## WHAT YOU SHOULD DO
Among the entries below, copy only the span from the line containing "Photo of 2014" through the line containing "Escalera imperial de". Do so exactly, and skip the pictures.

## RECORDS

________

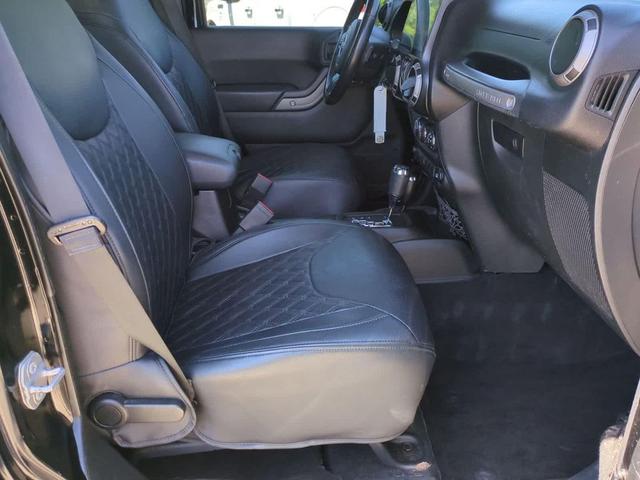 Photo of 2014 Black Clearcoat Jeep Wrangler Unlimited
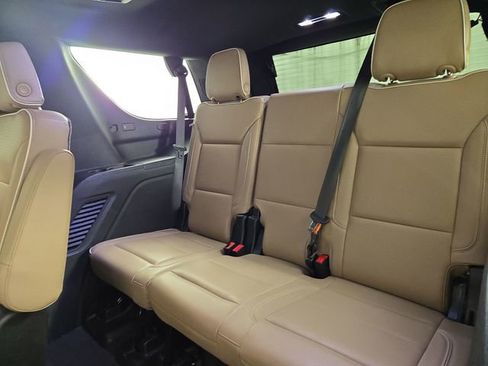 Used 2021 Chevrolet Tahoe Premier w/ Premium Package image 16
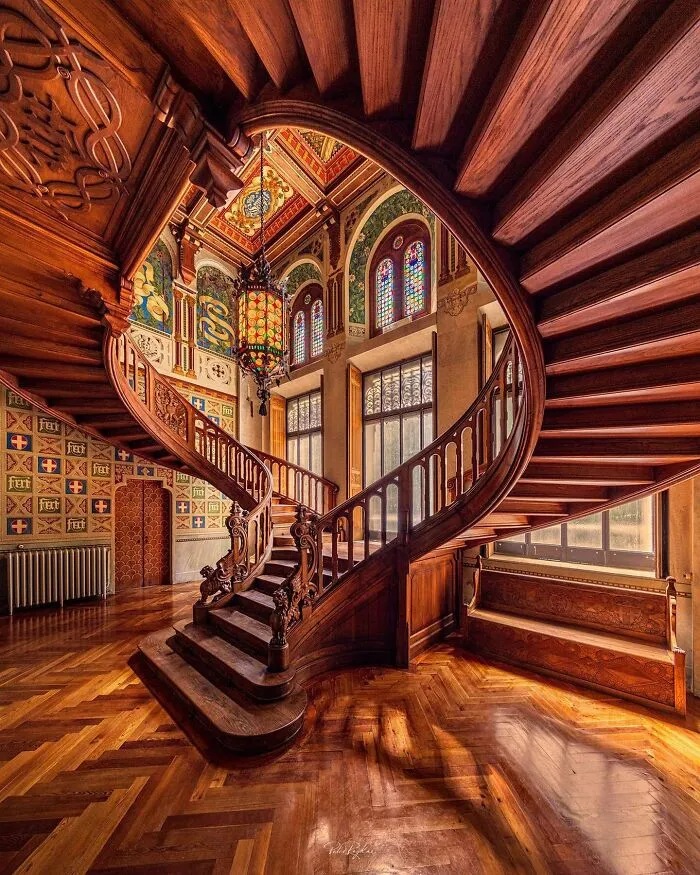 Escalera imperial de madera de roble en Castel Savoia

________

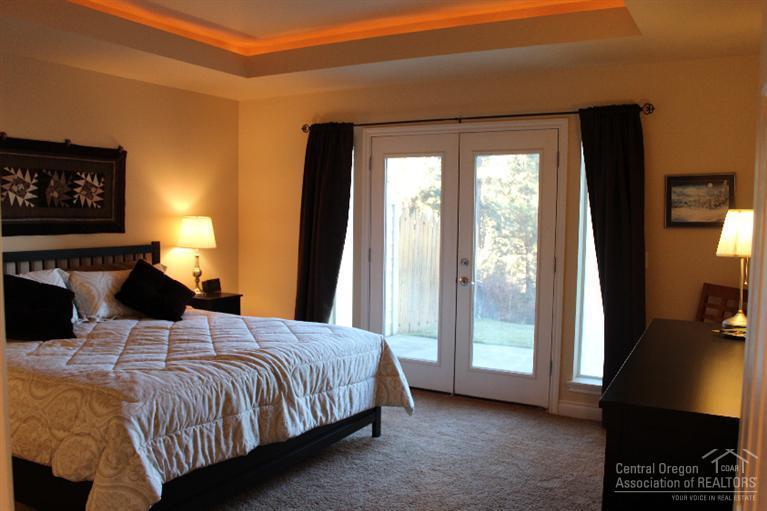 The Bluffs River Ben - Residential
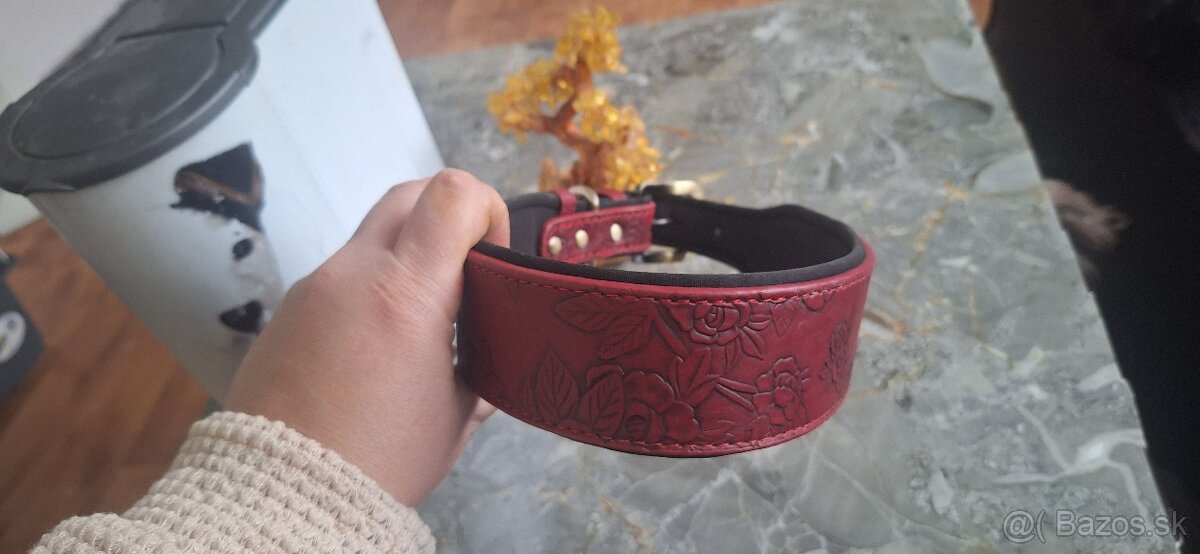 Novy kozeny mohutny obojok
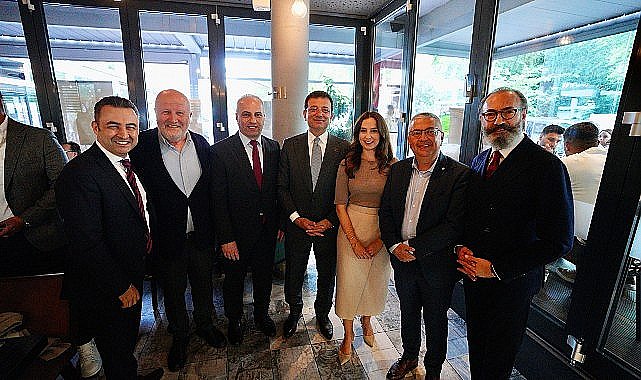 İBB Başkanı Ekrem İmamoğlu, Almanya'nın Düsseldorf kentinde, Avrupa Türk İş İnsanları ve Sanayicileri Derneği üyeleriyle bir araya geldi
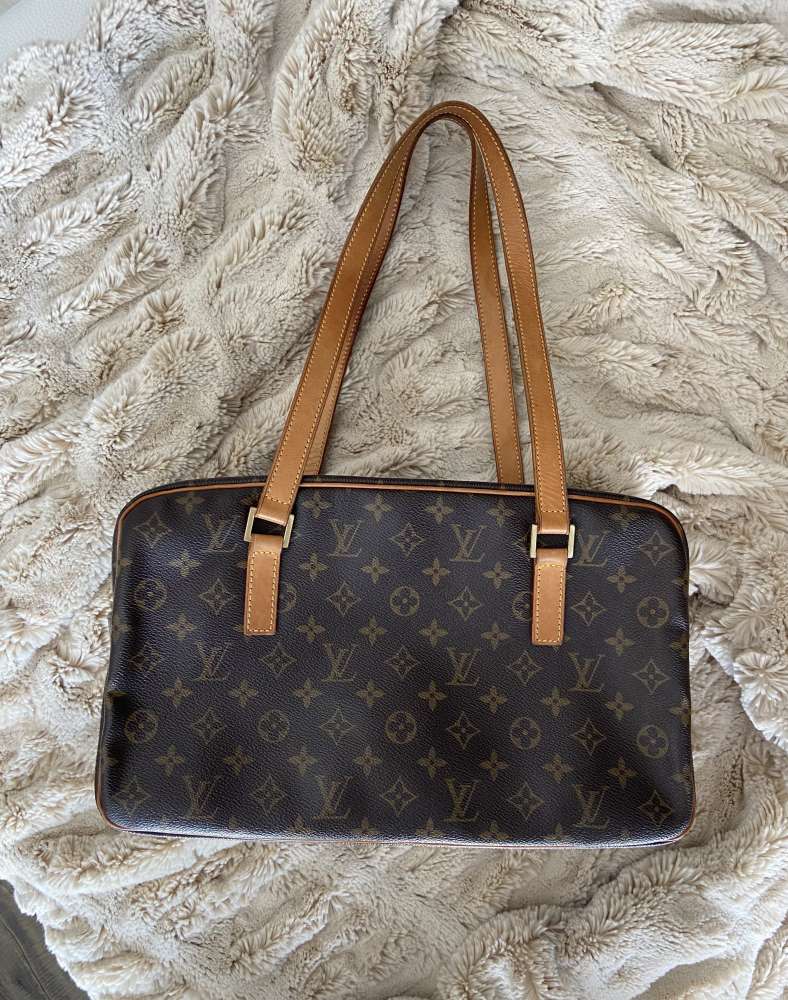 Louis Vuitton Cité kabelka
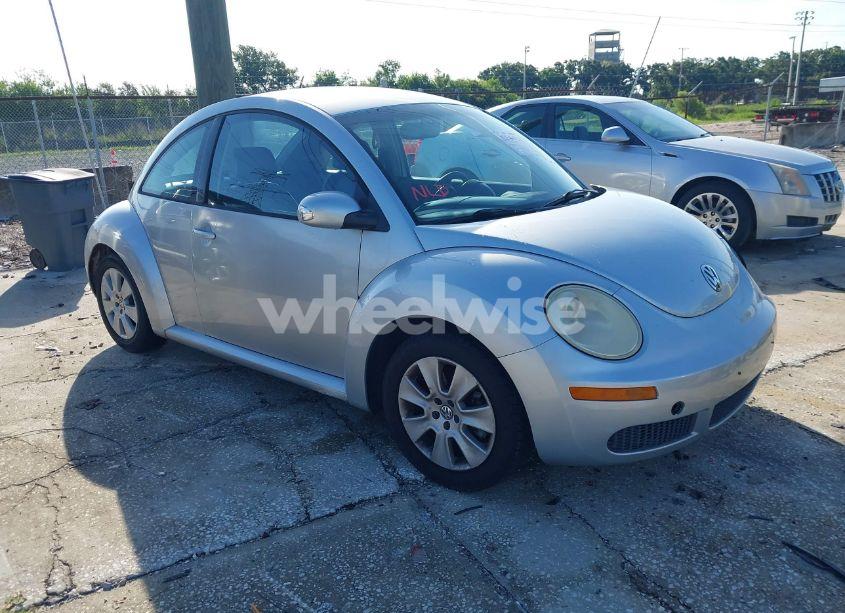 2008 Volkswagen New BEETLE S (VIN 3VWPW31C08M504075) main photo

________

## TASK SOLUTION
 Photo of 2014 Black Clearcoat Jeep Wrangler Unlimited
 Used 2021 Chevrolet Tahoe Premier w/ Premium Package image 16
 Escalera imperial de madera de roble en Castel Savoia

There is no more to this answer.